These chilling stories come in many different styles, with some of the most common including:
- Horror stories about allegedly cursed or haunted places;
- Legends about abandoned buildings, old ruins, or hard-to-reach places with strange or eerie appearances;
- Myths and tales about encounters with extraterrestrial beings;
- Organ trafficking stories (e.g., the Black Ambulance, the Black Volga);
- Legends about mysterious serial killers who were never identified or captured;
- Horror stories about unknown creatures or animals (very popular among Spanish-speaking communities in Argentina, Chile, and the United States);
- Legends about mythical creatures.
Urban legends are a reflection of society’s fears and anxieties.

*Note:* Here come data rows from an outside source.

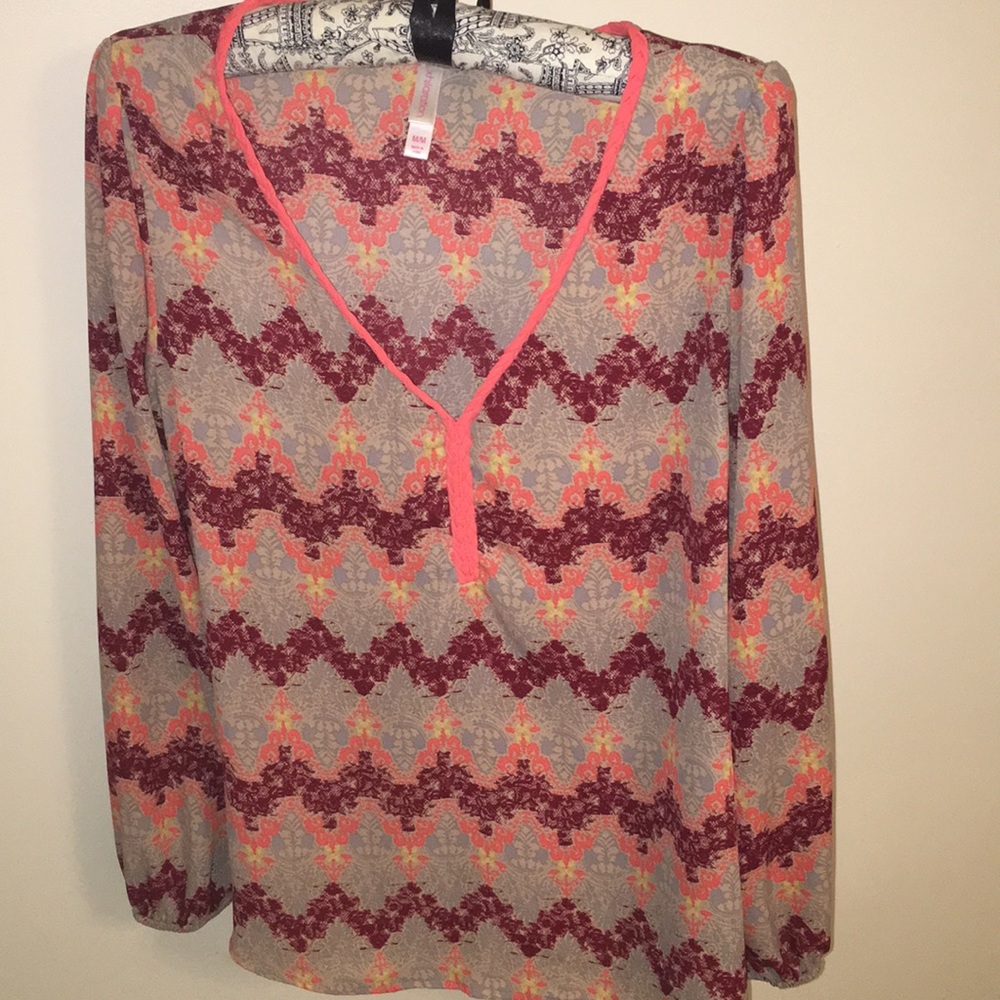 Long sleeve blouse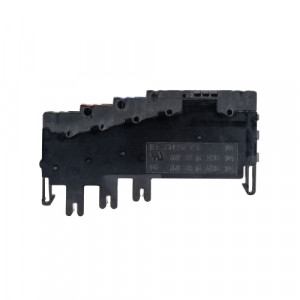 Клемма для датчиков WKF 1.5 KOE, Клемма для подключения датчиков, тип фиксации провода: пружинный, номинальное сечение: 1,5 мм кв., 10A, 65V, ширина: 5 мм, цвет: черный, тип монтажа: на поддон для клем KOI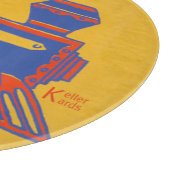 Planche À Découper Train père Noël (Coin)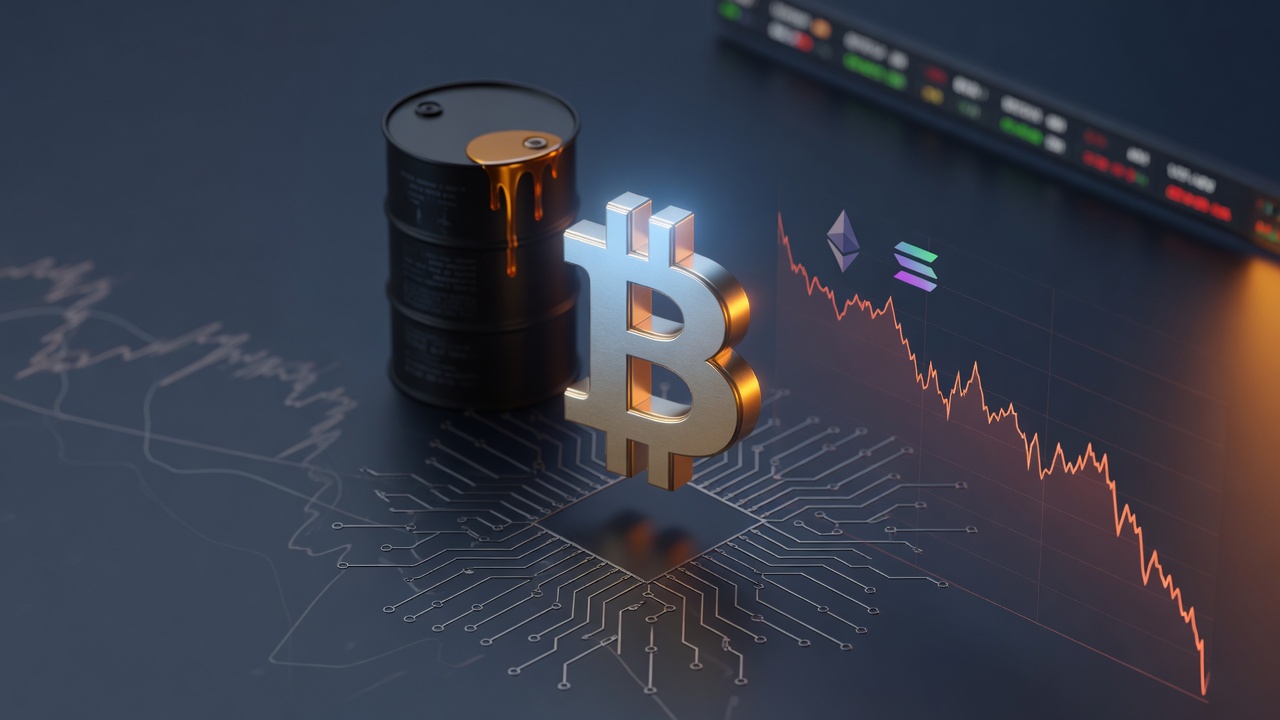 Bitcoin Retreats from One-Month High as Oil Tops $85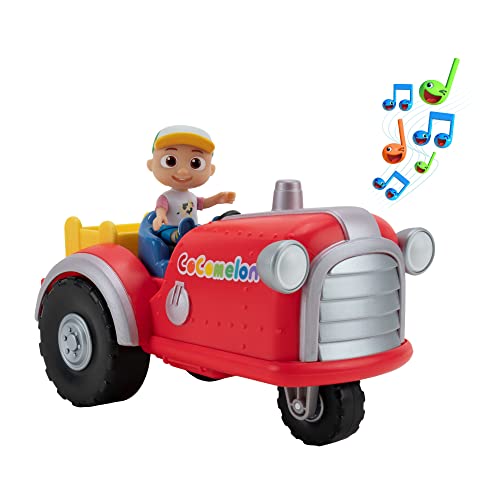 CoComelon CMW0038 Mitsing-Traktor mit Sound und exklusiver JJ Figur für Kinder ab 2 Jahren (Englische Sprachausgabe) von CoComelon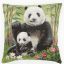 Panda macis, trópusi díszpárna huzat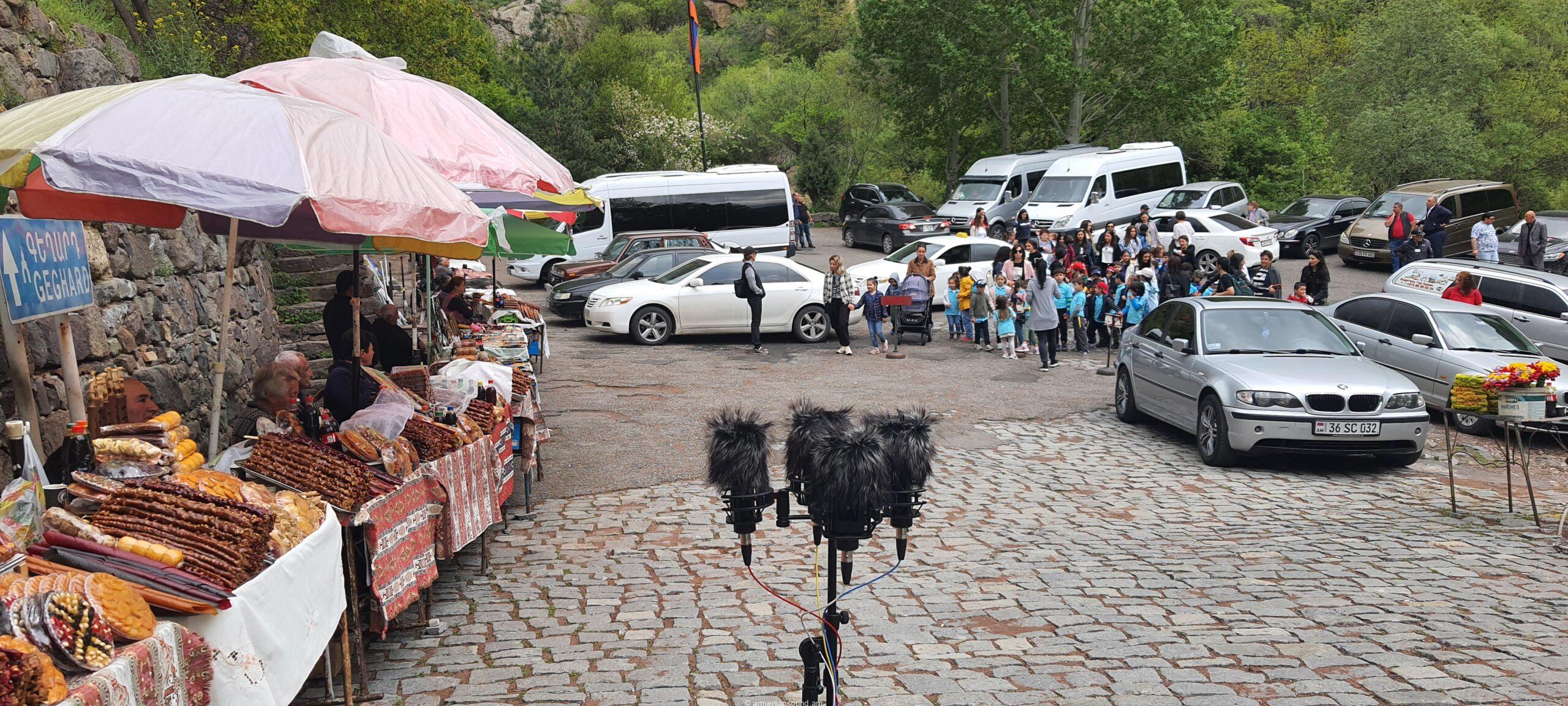 Market near Geghard Monastery. gata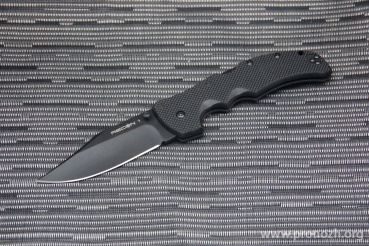   Cold Steel Recon I Clip Point, Carpenter CTS  XHP Steel,  DLC Coating Blade, Black G-10 Handle
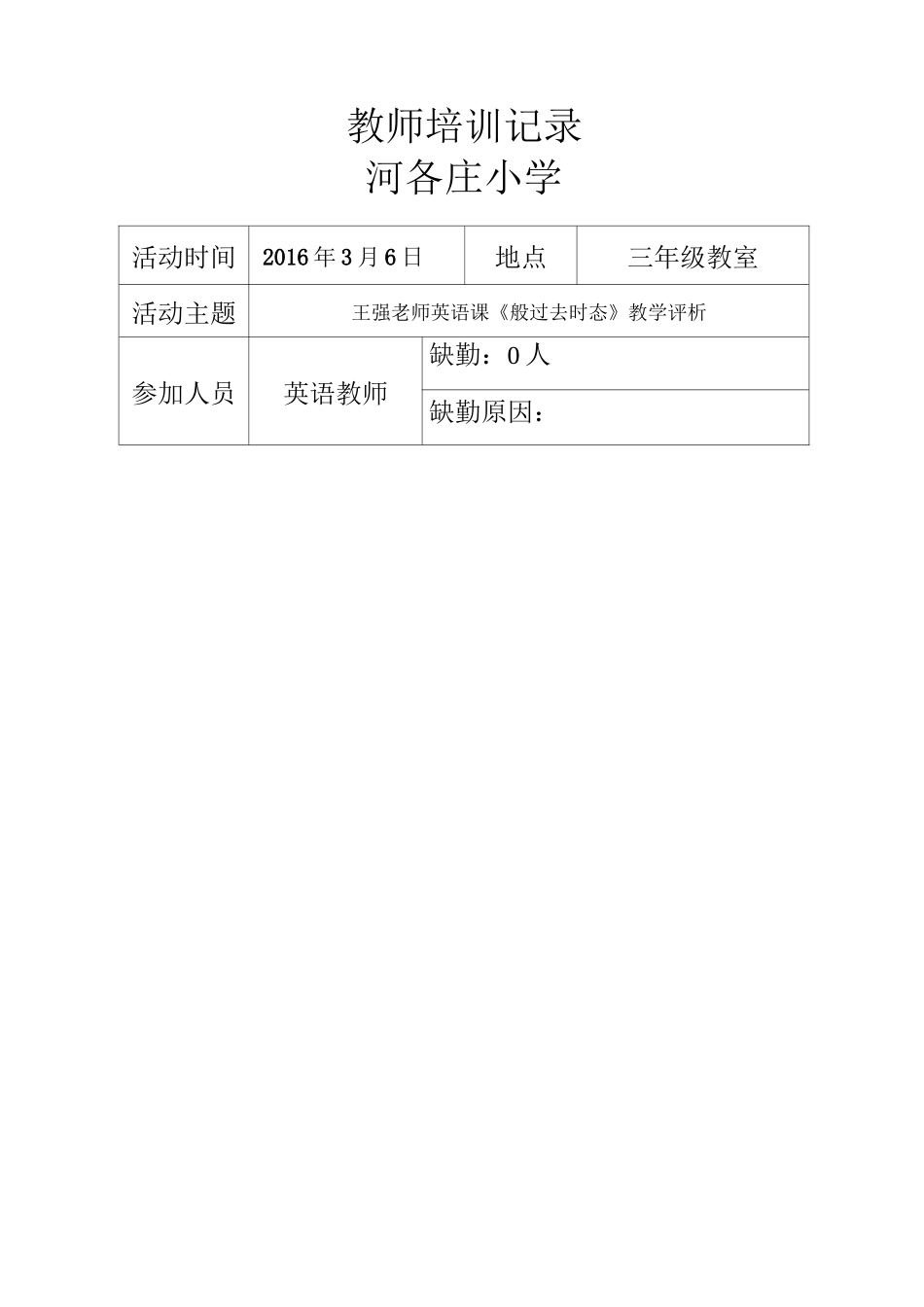 教师培训记录_第1页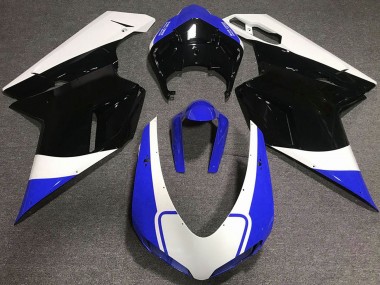 2007-2014 Ducati 848 1098 1198 Motorcycle Fairing - White Blue Glossy Black Canada Websites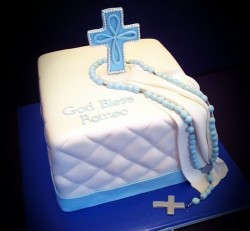 Christening cake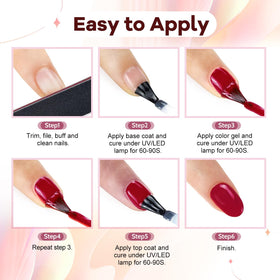 Nail tools included in JODSONE gel nail polish kit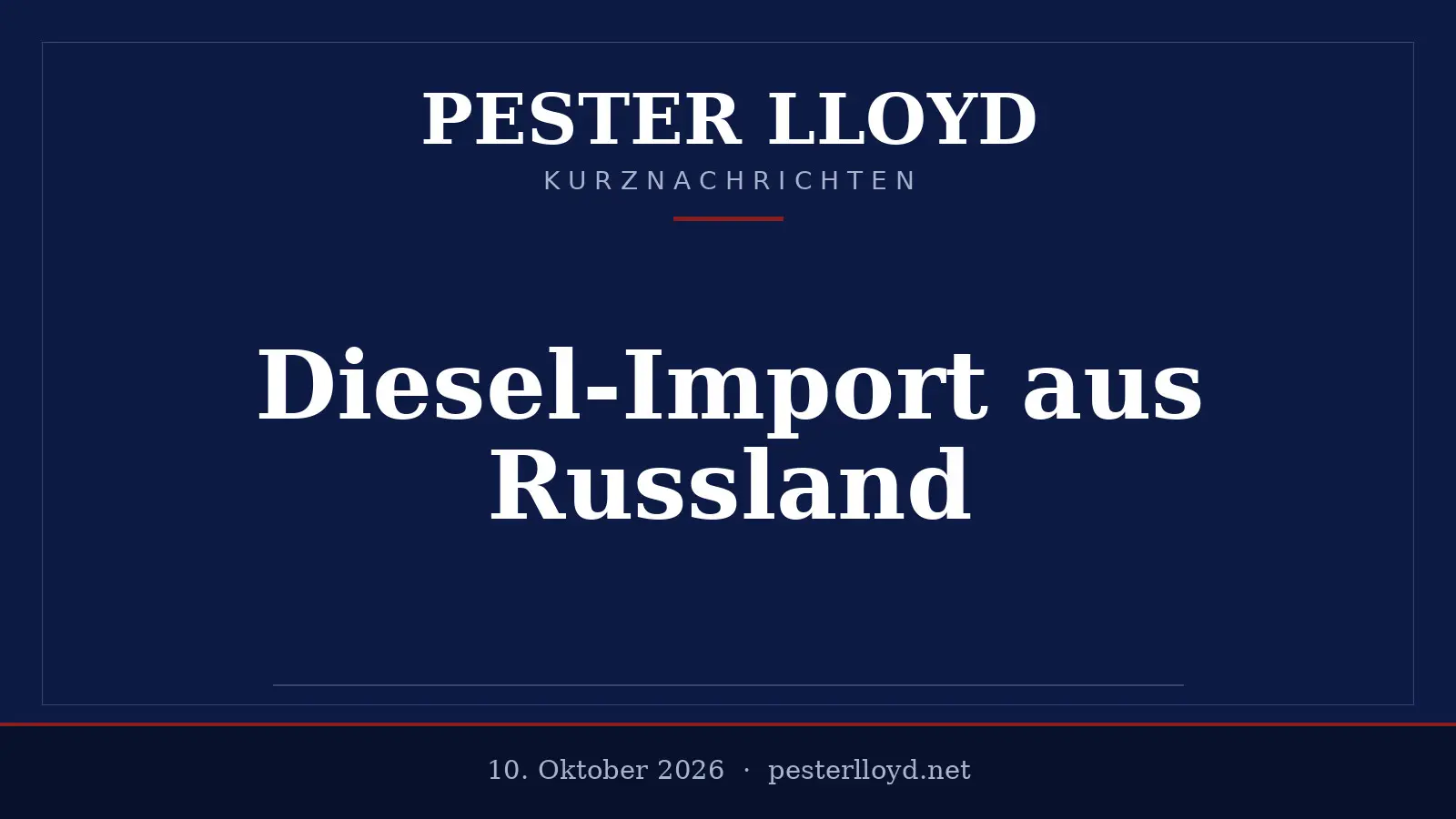 Selenskyj kritisiert US-Diesel-Deal mit Russland - „Geschenk an Putin“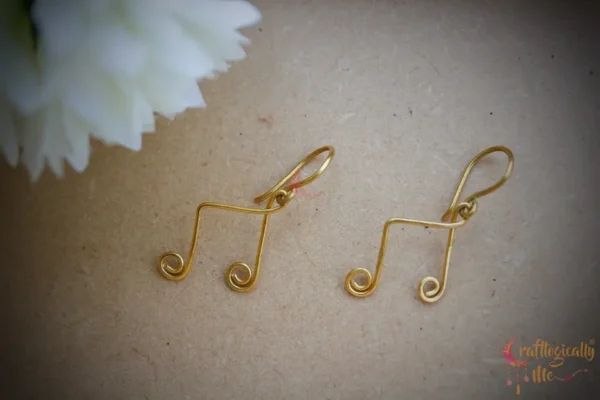 Music Note Earrings - Image 2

They provide insight into cultural values, norms, and the collective psyche of a community or society.
On March 30, 2002, the Pennsylvania state police issued an alert to citizens of the state, asking them not to believe any statements or reports about criminal acts due to the large number of hoaxes that had gained intense circulation through the internet.
The real story, known as “The Knockout Perfume Case,” was about several women allegedly anesthetized and then robbed by unidentified individuals after they smelled counterfeit perfume samples.
This story was transformed into a real urban legend about terrorists targetting and murdering women by sending them poisoned perfume samples through the mail.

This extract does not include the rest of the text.